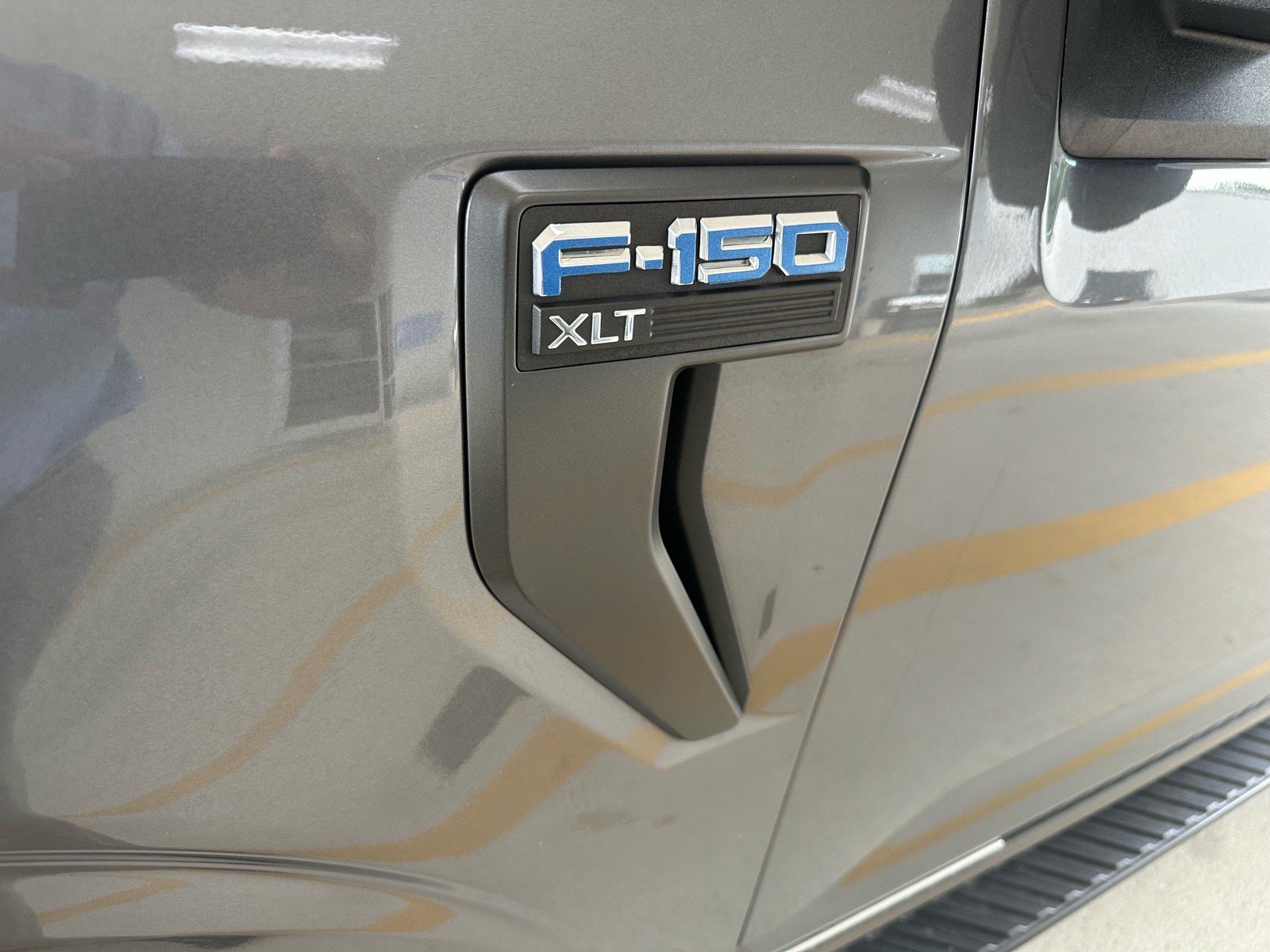Certified 2022 Ford F150 XLT w/ Equipment Group 302A High AWD/4WD image 5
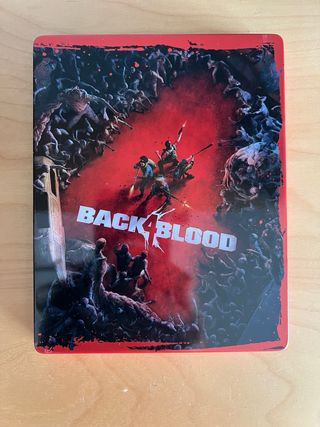 Back 4 Blood Deluxe Edition PS5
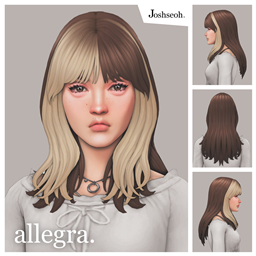 Allegra Hair V1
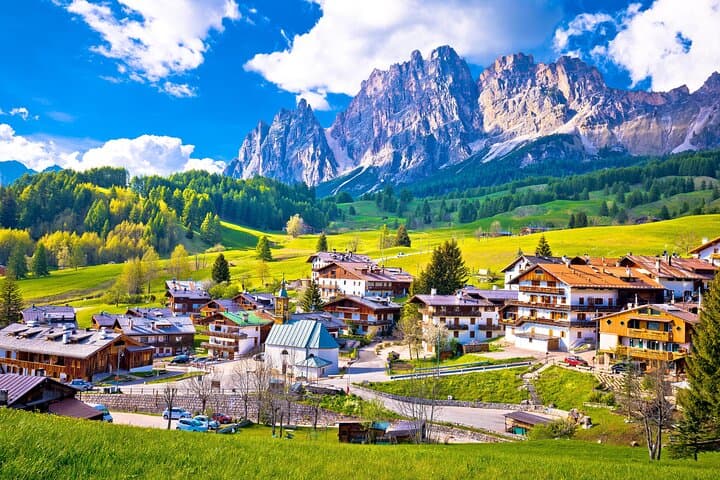 Dolomites & Cortina Day Trip from Venice — Tre Cime, Misurina & Cortina Highlights photo 1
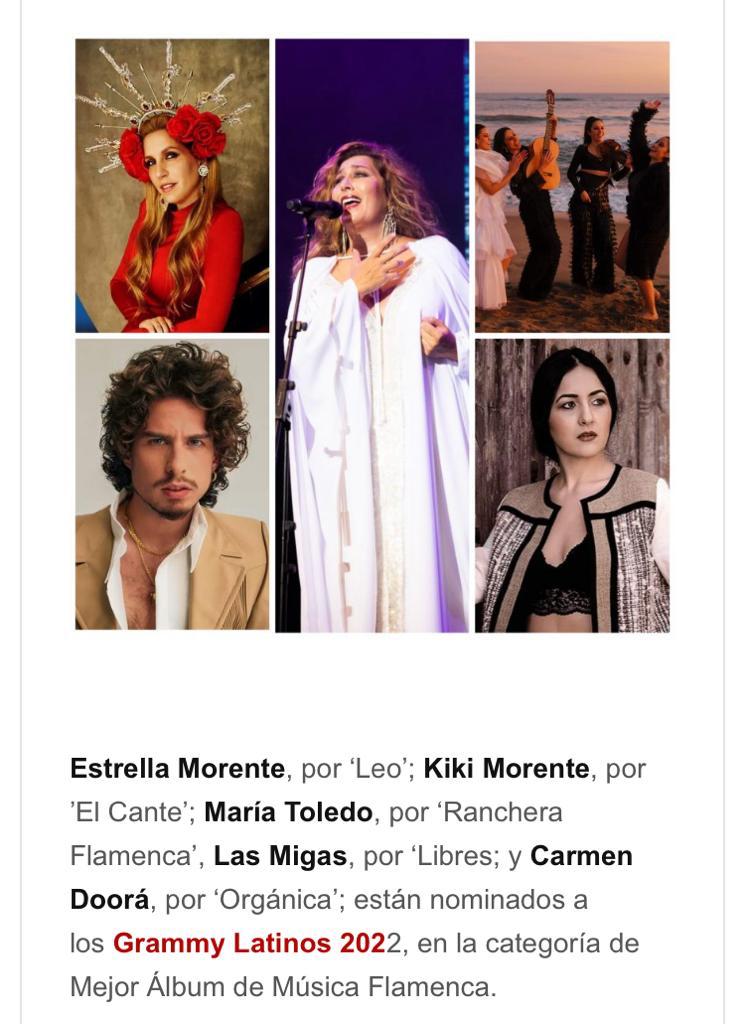 Concierto de “Las Migas” en Peñarroya-Pueblonuevo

TASK PROMPT:
Copy exactly the lines from the one containing "Allegra Hair V1" through the final line of the records above, both included, and leave out any pictures.

SOLUTION TO THE EXERCISE:
 Allegra Hair V1
 Dolomites & Cortina Day Trip from Venice — Tre Cime, Misurina & Cortina Highlights photo 1
 Concierto de “Las Migas” en Peñarroya-Pueblonuevo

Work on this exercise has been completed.